Video & Movies: The Video Codec Engine, UVD3, & Steady Video 2.0

When Intel introduced the Sandy Bridge architecture one of their big additions was Quick Sync, their name for their hardware H.264 encoder. By combining a specialized fixed function encoder with some GPU-based processing Intel was able to create a small, highly efficient H.264 encoder that had quality that was as good as or better than AMD and NVIDIA’s GPU based encoders that at the same time was 2x to 4x faster and consumed a fraction of the power. Quick Sync made real-time H.264 encoding practical on even low-power devices, and made GPU encoding redundant at the time. AMD of course isn’t one to sit idle, and they have been hard at work at their own implementation of that technology: the Video Codec Engine (VCE).

The introduction of VCE brings up a very interesting point for discussing the organization of AMD. As both a CPU and a GPU company the line between the two divisions and their technologies often blurs, and Fusion has practically made this mandatory. When AMD wants to implement a feature, is it a GPU feature, a CPU feature, or perhaps it’s both? Intel implemented Quick Sync as a CPU company, but does that mean hardware H.264 encoders are a CPU feature? AMD says no. Hardware H.264 encoders are a GPU feature.

As such VCE is being added to the mix from the GPU side, meaning it shows up first here on the Southern Islands series. Fundamentally VCE is very similar to Quick Sync – it’s based on what you can accomplish with the addition of a fixed function encoder – but AMD takes the concept much further to take full advantage of what the compute side of GCN can do. In “Full Mode” VCE behaves exactly like Quick Sync, in which virtually every step of the H.264 encoding process is handled by fixed function hardware. Just like Quick Sync Full Mode is fast and energy efficient. But it doesn’t make significant use of the rest of the GPU.

Hybrid Mode is where AMD takes things a step further, by throwing the compute resources of the GPU back into the mix. In Hybrid Mode only Entropy Encode is handled by fixed function hardware (this being a highly serial process that was ill suited to a GPU) with all the other steps being handled by the flexible hardware of the GPU. The end goal of Hybrid Mode is that as these other steps are well suited to being done on a GPU, Hybrid Mode will be much faster than even the highly optimized fixed function hardware of Full Mode. Full Mode is already faster than real time – Hybrid Mode should be faster yet.
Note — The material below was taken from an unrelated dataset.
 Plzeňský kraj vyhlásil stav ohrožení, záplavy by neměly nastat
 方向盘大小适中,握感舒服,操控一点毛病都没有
With VCE AMD is also targeting Quick Sync’s weaknesses regardless of the mode used. Quick Sync has limited tuning capabilities which impacts the quality of the resulting encode. AMD is going to offer more tuning capabilities to allow for a wider range of compression quality.  We don’t expect that it will be up to the quality standards of X264 and other pure-software encoders that can generate archival quality encodes, but if AMD is right it should be closer to archival quality than Quick Sync was.

The catch right now is that VCE is so new that we can’t test it. The hardware is there and we’re told it works, but the software support for it is lacking as none of AMD’s partners have added support for it yet. On the positive side this means we’ll be able to test it in-depth once the software is ready as opposed to quickly testing it in time for this review, however the downside is that we cannot comment on the speed or quality at this time. Though with the 7970 not launching until next year, there’s time for software support to be worked out before the first Southern Islands card ever goes on sale.

Moving on, while encoding has been significantly overhauled decoding will remain largely the same. AMD doesn’t refer to the Universal Video Decoder on Tahiti as UVD3, but the specifications match UVD3 as we’ve seen on Cayman so we believe it to be the same decoder. The quality may have been slightly improved as AMD is telling us they’ve scored 200 on HQV 2.0 – the last time we scored them they were at 197 – but HQV is a partially subjective benchmark.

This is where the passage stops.